### Directions
Make an exact copy of the lines from the one holding "X-Line Kratka Zderzaka Prawa Prawy Przód do" through the last line of the material, and output nothing else.

----------

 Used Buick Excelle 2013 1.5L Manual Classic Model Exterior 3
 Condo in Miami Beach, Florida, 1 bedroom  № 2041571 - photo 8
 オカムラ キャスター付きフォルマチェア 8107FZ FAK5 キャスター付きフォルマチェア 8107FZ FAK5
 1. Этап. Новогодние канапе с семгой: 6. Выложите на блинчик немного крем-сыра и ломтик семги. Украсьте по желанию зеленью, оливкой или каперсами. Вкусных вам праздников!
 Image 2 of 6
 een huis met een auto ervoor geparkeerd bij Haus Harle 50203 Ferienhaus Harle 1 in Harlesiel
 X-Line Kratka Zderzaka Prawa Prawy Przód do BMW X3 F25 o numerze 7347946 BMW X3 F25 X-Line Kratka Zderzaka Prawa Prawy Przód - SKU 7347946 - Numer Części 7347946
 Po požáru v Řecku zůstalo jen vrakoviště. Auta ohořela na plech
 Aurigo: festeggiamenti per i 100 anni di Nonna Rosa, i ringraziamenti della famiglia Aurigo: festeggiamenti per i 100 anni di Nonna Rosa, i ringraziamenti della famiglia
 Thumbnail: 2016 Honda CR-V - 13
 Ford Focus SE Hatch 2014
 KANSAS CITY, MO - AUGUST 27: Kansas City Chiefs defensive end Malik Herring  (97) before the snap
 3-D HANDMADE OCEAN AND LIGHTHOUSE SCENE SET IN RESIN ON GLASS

----------

### Answer box
 X-Line Kratka Zderzaka Prawa Prawy Przód do BMW X3 F25 o numerze 7347946 BMW X3 F25 X-Line Kratka Zderzaka Prawa Prawy Przód - SKU 7347946 - Numer Części 7347946
 Po požáru v Řecku zůstalo jen vrakoviště. Auta ohořela na plech
 Aurigo: festeggiamenti per i 100 anni di Nonna Rosa, i ringraziamenti della famiglia Aurigo: festeggiamenti per i 100 anni di Nonna Rosa, i ringraziamenti della famiglia
 Thumbnail: 2016 Honda CR-V - 13
 Ford Focus SE Hatch 2014
 KANSAS CITY, MO - AUGUST 27: Kansas City Chiefs defensive end Malik Herring  (97) before the snap
 3-D HANDMADE OCEAN AND LIGHTHOUSE SCENE SET IN RESIN ON GLASS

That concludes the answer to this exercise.